[Data provided — start]
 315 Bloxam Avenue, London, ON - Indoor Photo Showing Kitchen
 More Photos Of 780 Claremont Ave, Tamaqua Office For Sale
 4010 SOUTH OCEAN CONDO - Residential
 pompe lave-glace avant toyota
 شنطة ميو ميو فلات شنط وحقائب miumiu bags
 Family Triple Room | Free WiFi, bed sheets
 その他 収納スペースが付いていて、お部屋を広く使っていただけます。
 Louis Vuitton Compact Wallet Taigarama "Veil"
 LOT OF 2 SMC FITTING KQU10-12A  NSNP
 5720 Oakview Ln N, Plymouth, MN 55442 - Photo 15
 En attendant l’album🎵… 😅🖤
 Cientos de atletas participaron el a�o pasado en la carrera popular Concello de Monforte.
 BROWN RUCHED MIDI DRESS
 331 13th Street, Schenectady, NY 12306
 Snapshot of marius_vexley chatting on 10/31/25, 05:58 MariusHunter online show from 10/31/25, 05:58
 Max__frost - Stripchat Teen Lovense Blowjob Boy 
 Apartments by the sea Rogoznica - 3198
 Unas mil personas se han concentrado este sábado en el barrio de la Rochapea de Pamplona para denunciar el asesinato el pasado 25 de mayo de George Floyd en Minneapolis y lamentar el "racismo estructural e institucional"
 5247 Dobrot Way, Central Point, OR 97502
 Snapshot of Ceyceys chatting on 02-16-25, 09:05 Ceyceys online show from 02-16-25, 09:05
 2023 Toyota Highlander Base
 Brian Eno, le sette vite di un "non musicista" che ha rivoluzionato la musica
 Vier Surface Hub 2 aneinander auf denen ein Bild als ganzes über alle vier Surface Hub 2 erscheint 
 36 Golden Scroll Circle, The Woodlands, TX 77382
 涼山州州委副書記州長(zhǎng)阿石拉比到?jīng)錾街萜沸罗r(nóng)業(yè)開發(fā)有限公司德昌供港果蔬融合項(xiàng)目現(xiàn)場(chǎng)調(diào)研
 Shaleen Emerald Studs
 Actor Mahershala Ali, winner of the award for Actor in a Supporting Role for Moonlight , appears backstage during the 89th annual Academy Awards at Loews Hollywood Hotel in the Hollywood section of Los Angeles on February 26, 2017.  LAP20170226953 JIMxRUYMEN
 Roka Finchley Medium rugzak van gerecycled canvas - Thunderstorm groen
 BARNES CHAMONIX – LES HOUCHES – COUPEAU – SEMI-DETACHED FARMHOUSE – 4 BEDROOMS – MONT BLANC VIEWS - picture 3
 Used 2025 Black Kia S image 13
[Data provided — finish]
* What you should do: Wherever a line above contains "Snapshot", copy that line.

* Task output:
 Snapshot of marius_vexley chatting on 10/31/25, 05:58 MariusHunter online show from 10/31/25, 05:58
 Snapshot of Ceyceys chatting on 02-16-25, 09:05 Ceyceys online show from 02-16-25, 09:05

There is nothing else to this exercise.